Twin 8" Midrange Horn - Dealing with inexact sciences and cutting strange shapes in wood - |
The catalyst for this was a client requesting additional speakers for his PA system.
He had available 4 home-made trapezoidal cabinets originally fitted with
15" drivers on a short horn, similar to the old JBL 4560 designs, and some
JBL 2426 1" compression drivers. I had previously built for this client a
number of my 12" boxes, and the original plan was to utilise the same 12" horn
design within his old cabinet shells. |
Due to the use of 1" drivers, a higher crossover point was desired, both to increase
the overall power handling capability and to smooth the response across upper
vocal ranges. The old box was crossed at 1.5kHz, and I wanted to use around
2.5kHz in the new design. However, experiments with the 12" design
showed that increasing HF response of the 12" speaker was not going to be practical
- neccesitating a rethink. I had wanted to do some development on midrange horns, and this created the opportunity to do so, and get paid for it as well ! The original concept I had in mind was to fire 2 smaller cone drivers into 45degree reflectors at the throat of a single horn, with the compression driver exiting between the reflectors, but this was not to be. |
I selected the Eminence Beta8 speaker as the basis for experiments. This driver
is rated at 225W RMS, and two of these is actually cheaper than a single Kappa12
anyway. Due to results of some of the measurements on the 12" design,
I decided that experimenting with throat sizes and geometries was in order.
I made up a basic square horn with various throat sections which could be
added on to observe the effects of each. An exponential (actually various
conical sections approximating exponential) horn of around 250Hz cutoff was
used - the mouth area was actually quite a deal smaller than optimum, but this
was not going to significantly effect HF performance. David McBean's Hornresp
program, whilst being quite accurate on low frequency performance, cannot
accurately predict HF performance due to many factors not able to be described
in mathematics. Normal horn wisdom would suggest a smaller throat area for
increased HF output, however I found a number of other factors come into play.

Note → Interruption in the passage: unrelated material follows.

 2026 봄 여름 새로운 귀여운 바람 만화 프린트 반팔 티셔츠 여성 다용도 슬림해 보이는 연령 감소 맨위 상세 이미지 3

One of these would appear to be cancellations caused by differences in
path length from various points of the speaker cone to the horn throat, and seem
to come into play significantly when the horn throat starts to get smaller than
cone diameter. Shown below are measured results for three different throat
areas (Sd of Beta8 is 214cm^2). |
Throat = 49cm^2 |
Throat = 92cm^2 |
Throat = 174cm^2 |
It can be seen that with the smaller throat there are quite a few dips in the response
and the usable HF range is limited, although overall efficiency within the
(narrowed) passband is higher. |
Here the response at 2kHz is improved and the overall level is slightly reduced.
A slight peak ot around 350Hz is also appearing. |
With the larger throat, response has been extended to more than 3kHz, with overall
level slightly lower and 350Hz peak now a concern. Whilst Hornresp predicts
the peak, it doesn't predict this level of HF. |
Throat = 36cm^2 with radial phase plug |
In order to reduce path length differences, phase plug experiments were trialed.
As I had tried concentric plugs in the 12" design, I tried an 8-slot radial
plug design here. This significantly reduced effective throat area and
front chamber volume, and resulted in much higher overall SPL, but at the expense
of the HF area I was interested in. |
Round throat = 142cm^2 with round phase plug |
I also found that a round throat causes less interference than square, and this is
result of 148mm diameter throat with a 62mm diameter round tapered phase plug
positioned about 5mm in front of the dustcap. This allowed a smaller throat
without covering the cone edge and also effectively reduced front chamber volume
slightly. The overall level was good, however the 350Hz peak is still
there with a bit of ripple as well. The final design was to use a larger
mouth and longer horn, so it was hoped that this area would smooth out a bit. |
The larger than hoped for throat area meant that positioning the speakers either
side of the horn and reflecting or guiding them into the horn was impractical due
to width restrictions in the old boxes. Still wishing to have the 1" compression
driver time-aligned with the 8" speakers, I came up with a design of
positioning the 8" speakers top and bottom of the cabinet with the 1" driver horn
inserted between - therefore everything exits the one horn mouth. It
was certainly complex on paper, and complex to build. |
The phase plugs were cut from 12mm MDF with hole cutter, glued together and lathed
to shape. The central hole was then plugged with dowel. These plugs
were about 62mm diameter and 45mm long. |
Front and rear view of main flare. The dividers in each throat serve to reduce
HF beaming as well as providing a convenient way of locating the phase plugs.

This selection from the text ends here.